In tutta la parte centrale dell’opera, quella cioè della Fiera della Carne, dell’incontro con Gigalo Joe, di Rouge City e dell’incontro col dottor Know, Spielberg tenta di girare la storia accostandosi a dei registri narrativi che non gli sono mai stati congeniali, e fallisce a nostro avviso piuttosto vistosamente il colpo: la messa in scena grottesca della caccia nel bosco, e poi di tutta la parte nel mattatoio di androidi, è abbastanza innocua dal punto di vista visivo e slabbrata sotto quello narrativo. In alcuni momenti poi l’autore ci è parso voler immettere dei sottotesti “democratici” e libertari fuori luogo e troppo semplicistici: aleggia così in tutta questa parte un certo moralismo eccessivamente melenso, tipico di tutta una certa produzione spielberghiana non sempre omogenea. In questa seconda parte poi viene introdotto il personaggio di Gigolo Joe, che non si capisce bene a cosa serva, costantemente diviso a metà tra stucchevoli tirate filosofico-morali ed una perenne declamazione delle sue attività amatorie. Jude Law presta fisico e discreta abilità interpretativa a questo personaggio, ma di certo non riesce a risollevarne le noiose sorti. Il Dongiovanni meccanico accompagna David nel suo pellegrinaggio fino alla Manhattan sommersa, passando però prima per una Rouge City bella da vedere quanto inutile nello svolgersi della trama, e per un confronto con il dottor Know (forse la cosa peggiore del film), che altro non è che un cartoon che si traveste da Einstein... Qui A.I. funziona davvero a tratti, ed è sostenuto soltanto dalla grande perizia tecnica di scenografi, costumisti, architetti ecc. ecc.; manca il senso narrativo delle migliori opere di Spielberg, che non riesce a essere stringato né convincente. Poi comunque il bambino meccanico arriva a New York...

Parte III
Altro che fatina azzurra, riecco gli alieni!

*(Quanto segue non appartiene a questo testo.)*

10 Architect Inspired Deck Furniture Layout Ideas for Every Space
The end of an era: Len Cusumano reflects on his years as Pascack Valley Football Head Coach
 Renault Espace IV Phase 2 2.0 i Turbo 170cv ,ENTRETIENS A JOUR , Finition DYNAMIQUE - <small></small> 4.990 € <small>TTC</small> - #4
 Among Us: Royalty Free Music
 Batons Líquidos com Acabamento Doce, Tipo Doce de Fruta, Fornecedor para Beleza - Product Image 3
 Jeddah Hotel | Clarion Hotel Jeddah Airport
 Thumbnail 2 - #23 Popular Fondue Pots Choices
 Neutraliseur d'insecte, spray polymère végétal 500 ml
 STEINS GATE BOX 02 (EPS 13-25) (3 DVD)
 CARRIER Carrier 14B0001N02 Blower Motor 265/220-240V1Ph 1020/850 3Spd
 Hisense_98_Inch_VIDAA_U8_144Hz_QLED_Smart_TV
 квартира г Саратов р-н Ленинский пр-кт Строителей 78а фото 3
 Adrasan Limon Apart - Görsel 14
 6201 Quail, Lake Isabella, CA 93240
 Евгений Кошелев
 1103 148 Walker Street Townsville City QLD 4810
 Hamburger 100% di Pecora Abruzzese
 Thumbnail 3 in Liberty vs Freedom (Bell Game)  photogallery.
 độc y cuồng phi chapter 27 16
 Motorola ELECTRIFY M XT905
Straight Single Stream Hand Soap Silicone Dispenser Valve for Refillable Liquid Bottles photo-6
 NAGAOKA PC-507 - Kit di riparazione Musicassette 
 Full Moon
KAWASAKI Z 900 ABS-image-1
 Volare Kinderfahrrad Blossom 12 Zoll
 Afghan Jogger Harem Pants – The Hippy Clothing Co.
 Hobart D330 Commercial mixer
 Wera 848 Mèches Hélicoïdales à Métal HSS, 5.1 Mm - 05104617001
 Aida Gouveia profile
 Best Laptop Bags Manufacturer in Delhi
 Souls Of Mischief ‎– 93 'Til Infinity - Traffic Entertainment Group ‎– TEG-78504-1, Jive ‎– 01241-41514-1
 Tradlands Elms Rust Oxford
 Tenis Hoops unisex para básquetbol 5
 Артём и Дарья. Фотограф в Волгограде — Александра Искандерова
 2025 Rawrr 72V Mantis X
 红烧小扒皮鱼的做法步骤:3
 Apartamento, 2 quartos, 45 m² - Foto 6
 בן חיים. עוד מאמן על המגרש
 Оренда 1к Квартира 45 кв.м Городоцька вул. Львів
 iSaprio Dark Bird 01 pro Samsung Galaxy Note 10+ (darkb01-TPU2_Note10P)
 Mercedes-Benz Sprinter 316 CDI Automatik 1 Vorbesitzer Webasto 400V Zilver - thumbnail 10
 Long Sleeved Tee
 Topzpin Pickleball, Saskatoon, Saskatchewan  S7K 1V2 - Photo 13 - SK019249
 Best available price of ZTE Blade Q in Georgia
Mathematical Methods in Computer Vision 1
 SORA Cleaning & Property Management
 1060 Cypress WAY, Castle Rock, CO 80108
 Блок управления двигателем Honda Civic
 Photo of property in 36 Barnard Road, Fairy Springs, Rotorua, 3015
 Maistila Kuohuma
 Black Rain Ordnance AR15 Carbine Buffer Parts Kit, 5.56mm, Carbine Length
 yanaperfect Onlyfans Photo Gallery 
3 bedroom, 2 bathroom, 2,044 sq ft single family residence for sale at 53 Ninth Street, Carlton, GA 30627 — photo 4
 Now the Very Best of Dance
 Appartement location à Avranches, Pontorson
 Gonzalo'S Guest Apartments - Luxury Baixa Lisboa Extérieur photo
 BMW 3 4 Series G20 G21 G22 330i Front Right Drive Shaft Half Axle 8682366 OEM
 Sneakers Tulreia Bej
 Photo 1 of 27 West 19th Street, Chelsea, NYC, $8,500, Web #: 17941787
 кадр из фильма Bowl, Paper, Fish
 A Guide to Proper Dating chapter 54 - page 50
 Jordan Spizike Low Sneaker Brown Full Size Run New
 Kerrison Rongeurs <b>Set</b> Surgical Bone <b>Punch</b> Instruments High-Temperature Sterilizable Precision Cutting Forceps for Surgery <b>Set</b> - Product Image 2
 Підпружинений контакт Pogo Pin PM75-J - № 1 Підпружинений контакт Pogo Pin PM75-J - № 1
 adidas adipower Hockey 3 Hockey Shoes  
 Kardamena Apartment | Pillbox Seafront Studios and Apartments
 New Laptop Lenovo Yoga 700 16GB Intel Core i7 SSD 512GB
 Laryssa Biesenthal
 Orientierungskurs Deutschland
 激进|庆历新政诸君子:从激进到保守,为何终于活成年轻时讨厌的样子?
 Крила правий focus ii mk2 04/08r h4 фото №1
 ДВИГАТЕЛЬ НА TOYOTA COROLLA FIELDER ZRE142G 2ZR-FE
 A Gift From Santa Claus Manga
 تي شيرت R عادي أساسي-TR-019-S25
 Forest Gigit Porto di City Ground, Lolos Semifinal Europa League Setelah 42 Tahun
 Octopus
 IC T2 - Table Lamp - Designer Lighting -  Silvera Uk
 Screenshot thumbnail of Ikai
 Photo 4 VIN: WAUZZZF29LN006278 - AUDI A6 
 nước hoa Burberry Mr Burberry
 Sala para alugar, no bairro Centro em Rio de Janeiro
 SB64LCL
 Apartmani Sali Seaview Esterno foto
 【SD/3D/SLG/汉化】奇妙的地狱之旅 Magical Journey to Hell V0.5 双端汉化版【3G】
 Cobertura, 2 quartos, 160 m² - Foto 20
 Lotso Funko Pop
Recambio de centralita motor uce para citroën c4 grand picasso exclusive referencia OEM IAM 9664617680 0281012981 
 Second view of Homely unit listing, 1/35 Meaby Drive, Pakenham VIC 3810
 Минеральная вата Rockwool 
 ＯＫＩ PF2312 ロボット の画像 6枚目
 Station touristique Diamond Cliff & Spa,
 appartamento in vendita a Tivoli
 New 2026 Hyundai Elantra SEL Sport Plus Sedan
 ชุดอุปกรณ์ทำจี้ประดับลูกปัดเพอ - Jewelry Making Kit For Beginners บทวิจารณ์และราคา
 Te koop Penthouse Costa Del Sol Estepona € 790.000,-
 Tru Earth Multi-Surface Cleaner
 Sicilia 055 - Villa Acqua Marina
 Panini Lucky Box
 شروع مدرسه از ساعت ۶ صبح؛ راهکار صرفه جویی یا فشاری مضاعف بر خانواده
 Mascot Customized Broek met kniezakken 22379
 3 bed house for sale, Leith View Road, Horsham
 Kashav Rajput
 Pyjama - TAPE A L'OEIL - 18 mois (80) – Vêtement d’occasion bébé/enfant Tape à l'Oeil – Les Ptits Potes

Ed eccoci giunti alla fine del viaggio, dove il regista vuole chiudere i giochi con la vicenda e vuole farne un film a tutti gli effetti “spielberghiano”. Ebbene, in quest’ultima trancia di pellicola l’autore riesce nel difficile risultato di dare insieme il peggio ed il meglio di sé. Momenti di cinema altissimo, visivamente prezioso e commovente, si alternano con le lungaggini che hanno tormentato tutta la durata della pellicola, e soprattutto con il solito deus-ex-machina che arriva e risolve la situazione; d’accordo, stavolta non sono alieni ma una specie di robot ultra-avanzati: ma perché farli allora uguali a praticamente tutti gli E.T visti fino adesso, in particolare quelli di Incontri ravvicinati del terzo tipo? A parte questo però l’autore ritrova in parte la grande vena poetica persa nella prima parte, e la mescola con momenti di grande rigore narrativo (dai tempi felicemente autoriali, come nel caso delle suppliche di David alla statua della fatina immersa in fondo al mare). Tutta la scena del ritorno del bambino nella casa materna, con le immagini sature e sgranate, è un colpo al cuore, come d’altronde l’ultima giornata passata con la mamma ritrovata: sarà pure romanticismo facile, ma non si può dire che non centri il bersaglio.

Epilogo
Non so che dire...

Giunti alla fine del viaggio all’interno di A.I. dobbiamo confessare al lettore di saperne meno di quanto siamo partiti. Tutto quello che ci eravamo aspettati fosse questo film è stato poi confermato dalla visione; il fatto però è che Intelligenza Artificiale è anche molto di più. Pieno di difetti, di incongruenze stilistiche e tematiche, strabordante di invenzioni visive fino all’eccesso, il film però è allo stesso tempo un’epopea affascinante e tenebrosa, popolata di mostri e di angeli, senza che vi sia poi una netta distinzione tra di essi. Certo, se lo avesse girato Kubrick il film non sarebbe certo stato così imperfetto, ma forse è proprio questo suo essere “sbagliato” che lo rende a nostro avviso uno dei più importanti della stagione, a prescindere se piaccia oppure no. Probabilmente, ed è quanto abbiamo sostenuto in principio, Spielberg ha messo le mani ad un progetto più grande di lui, o meglio dalle potenzialità estetiche e concettuali che non gli sono possibili. Resta il fatto che già tentare di realizzarlo è impresa davvero lodevole; tentare poi di realizzarlo alla maniera del “maestro” era praticamente impossibile; riuscire addirittura a farne pure una pellicola che possedesse anche una poetica in linea con la propria...beh...non vi pare forse troppo?